Rabat - German media reports on Monday indicated that asylum-seekers from North Africa headed for the western European country drastically declined in the first quarter of 2016.
Rabat – German media reports on Monday indicated that asylum-seekers from North Africa headed for the western European country drastically declined in the first quarter of 2016.
A total of 3,356 North Africans arrived in January, but by March the figure saw a sevenfold decrease to 480 migrants, a quarterly report by the German Office of Migration and Refugees (BAMF) showed.
BAMF sent the report to German lawmakers who recently declared Morocco, Tunisia and Algeria to be “safe countries of origin,” substantially reducing the likelihood of the three countries’ citizens to have their asylum application approved.
“The discussion alone in January about introducing the law led to a tangible reduction in new arrivals,” the BAMF report – intended for intragovernmental distribution – reads, adding that the public debate in Germany had “sent a message”.
Human rights groups, notably Amnesty International, have said the new provision would speed up the application review process, inevitably leading to “wrong decisions.”
The German foreign ministry has also been carrying out a diplomatic strategy to convince the governments of all three Maghreb countries to repatriate the rejected asylum seekers. The Moroccan minister of the interior agreed to did so at the end of February.
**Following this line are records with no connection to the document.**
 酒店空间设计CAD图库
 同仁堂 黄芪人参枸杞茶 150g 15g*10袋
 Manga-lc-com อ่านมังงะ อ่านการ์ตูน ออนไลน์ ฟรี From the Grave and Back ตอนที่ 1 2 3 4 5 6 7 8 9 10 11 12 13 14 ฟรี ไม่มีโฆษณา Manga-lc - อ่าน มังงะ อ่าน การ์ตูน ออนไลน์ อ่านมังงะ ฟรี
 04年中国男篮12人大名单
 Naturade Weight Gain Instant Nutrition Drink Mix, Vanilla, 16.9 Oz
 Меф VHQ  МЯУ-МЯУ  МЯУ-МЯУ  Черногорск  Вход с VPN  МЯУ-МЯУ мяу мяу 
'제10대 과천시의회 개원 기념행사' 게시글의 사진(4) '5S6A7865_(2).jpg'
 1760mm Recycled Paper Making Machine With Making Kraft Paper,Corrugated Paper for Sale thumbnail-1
The report said just over 26,000 North African asylum-seekers applied to stay in Germany last year, but only 2.1 percent of them had their applications accepted by authorities. By the first quarter of 2016, that rate fell to 0.7 percent.
“Two-thirds of cases [involving North Africans] are obviously unfounded,” according to the report’s analysis.
North African migrants have been a subject of concern in Germany since members of a crowd of “mostly North African men” allegedly committed hundreds of sexual assaults and petty thefts against women during the New Year’s celebrations in Cologne.